Exercise objective: For the records below, copy exactly the span that begins at the line containing "Regata Feminina Tricot - Off White" and stops after the line containing "Соляные шахты Бекс Бе, Швейцария", minus any pictures.

Start of Data section

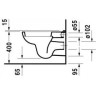 Унітаз підвісний Duravit D-Code (2209090000)
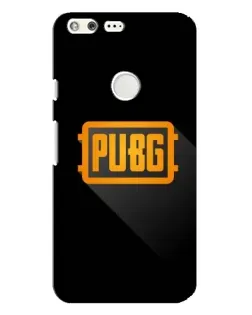 Чохол для Google Pixel XL з картинкою «PUBG — рамка лого»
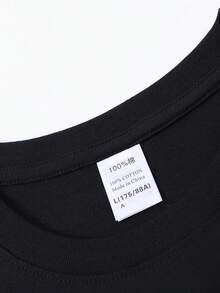 Tween Boys T-Shirts - Black - View 5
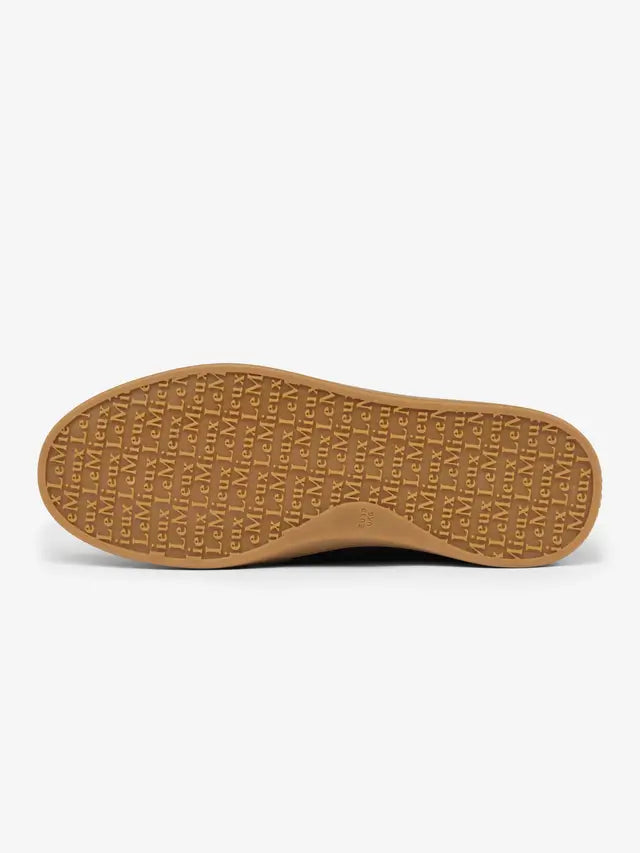 Lemieux Stockbridge Suede Trainer
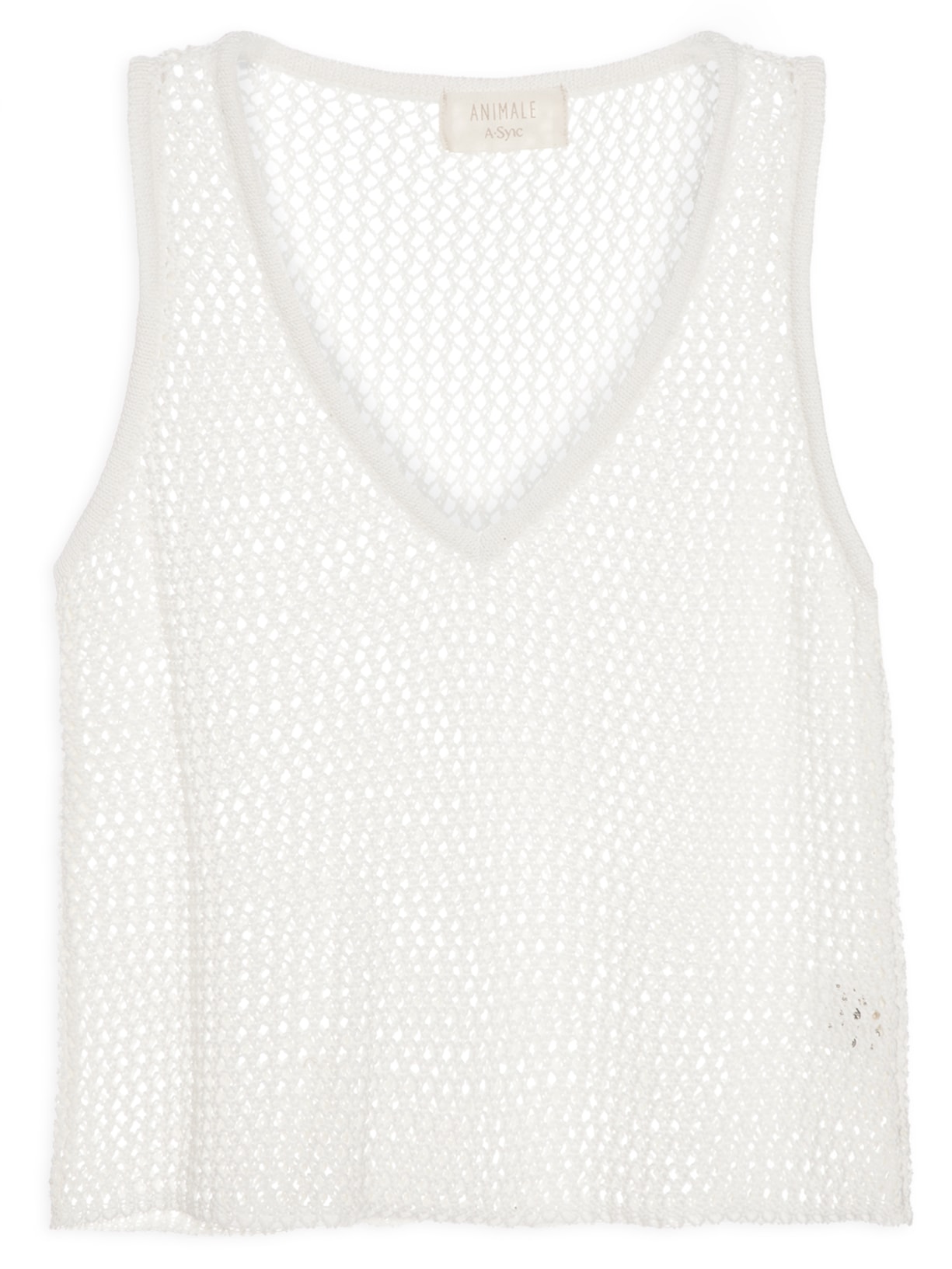 Regata Feminina Tricot - Off White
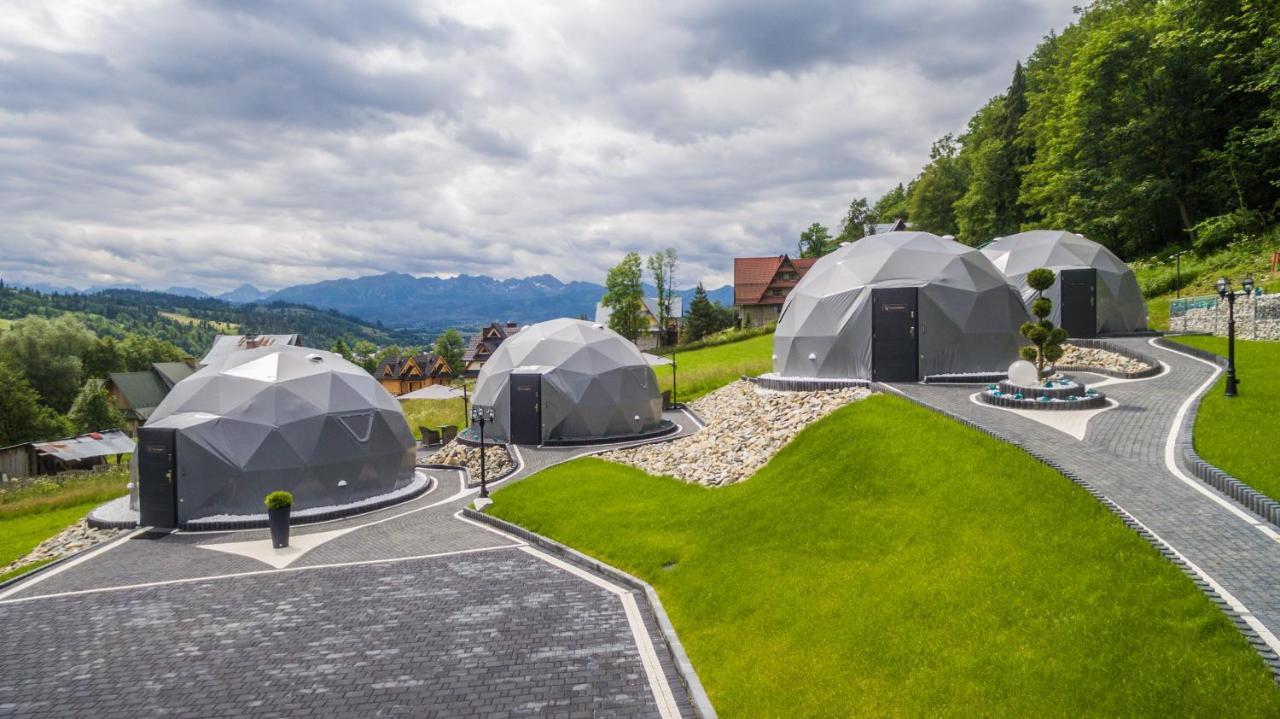 Glamp Royal Hotel Biały Dunajec Buitenkant foto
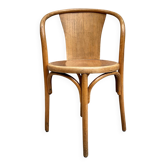 Fauteuil Fischel en bois courbé, début XXe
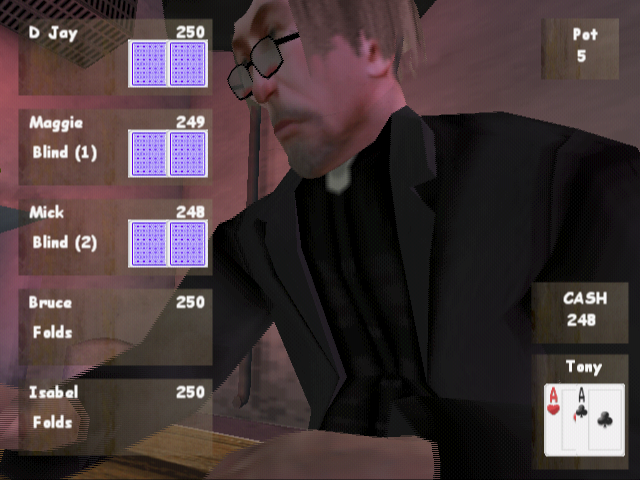 Poker Masters screenshot 5 for Playstation 2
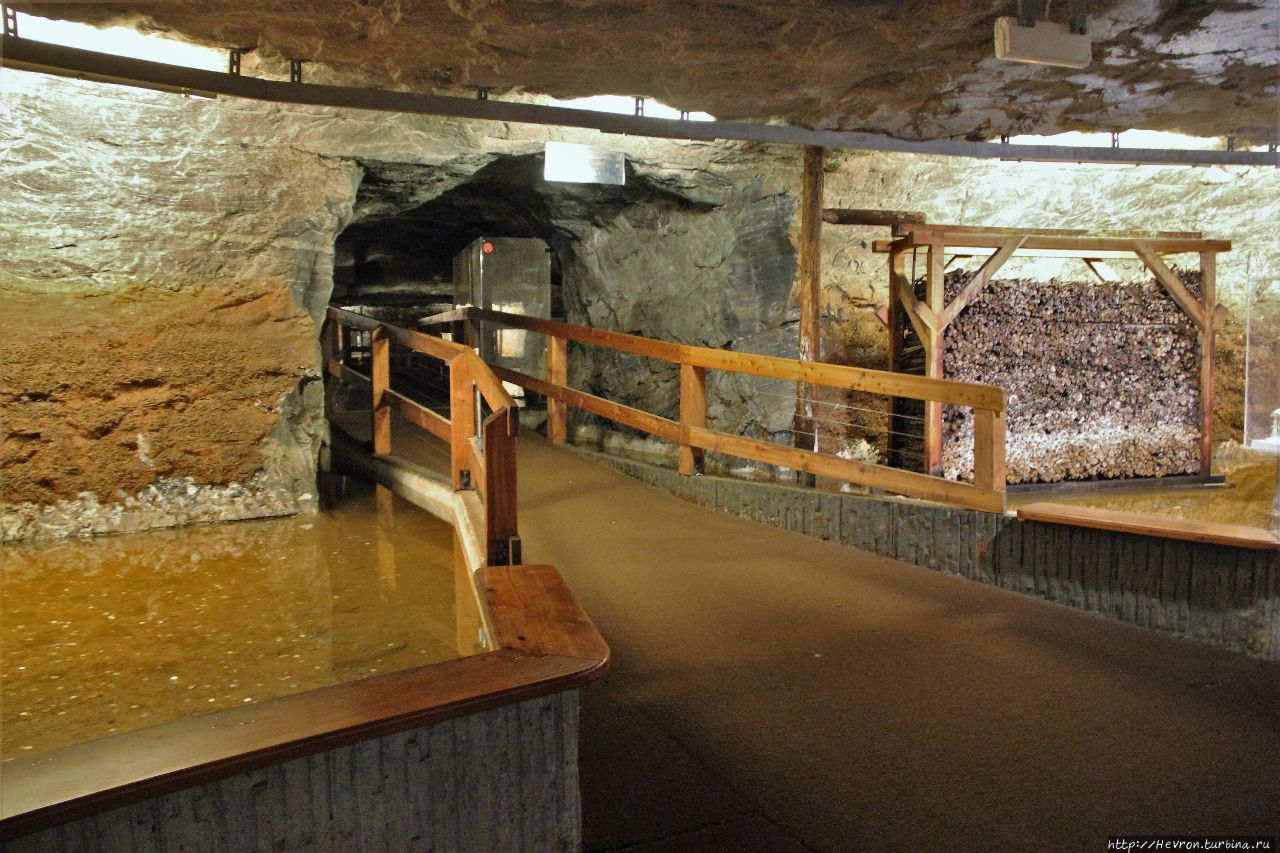 Соляные шахты Бекс Бе, Швейцария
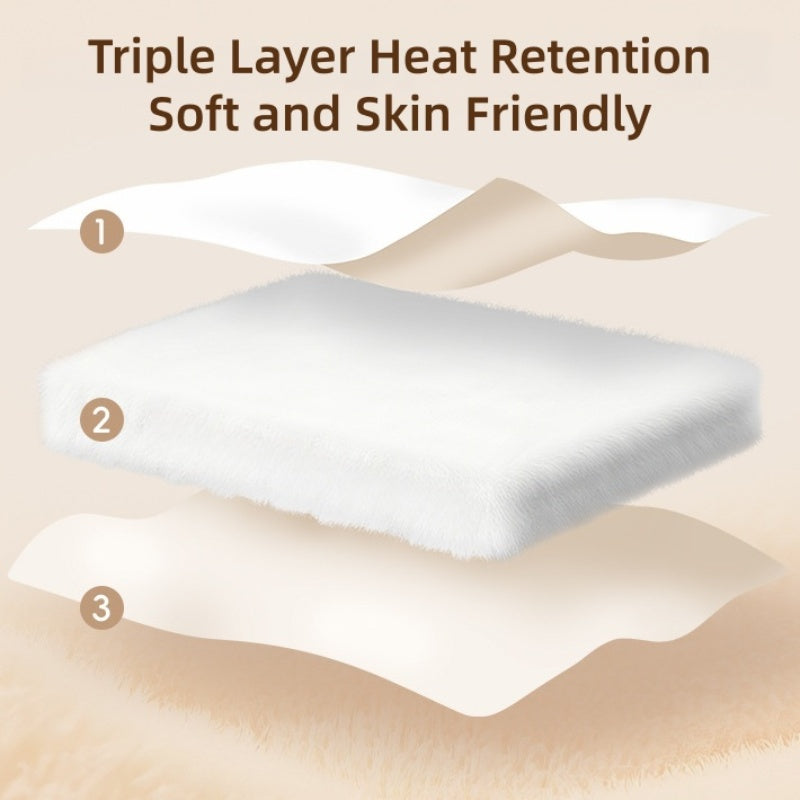 [DFC] Infant Swaddle Blanket, Thickened Newborn Essentials 2-in-1 Delivery Room Wrap Outdoor Windproof Sun Protection Cover,Weight 600g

End of Data section

Completed exercise:
 Regata Feminina Tricot - Off White
 Glamp Royal Hotel Biały Dunajec Buitenkant foto
 Fauteuil Fischel en bois courbé, début XXe
 Poker Masters screenshot 5 for Playstation 2
 Соляные шахты Бекс Бе, Швейцария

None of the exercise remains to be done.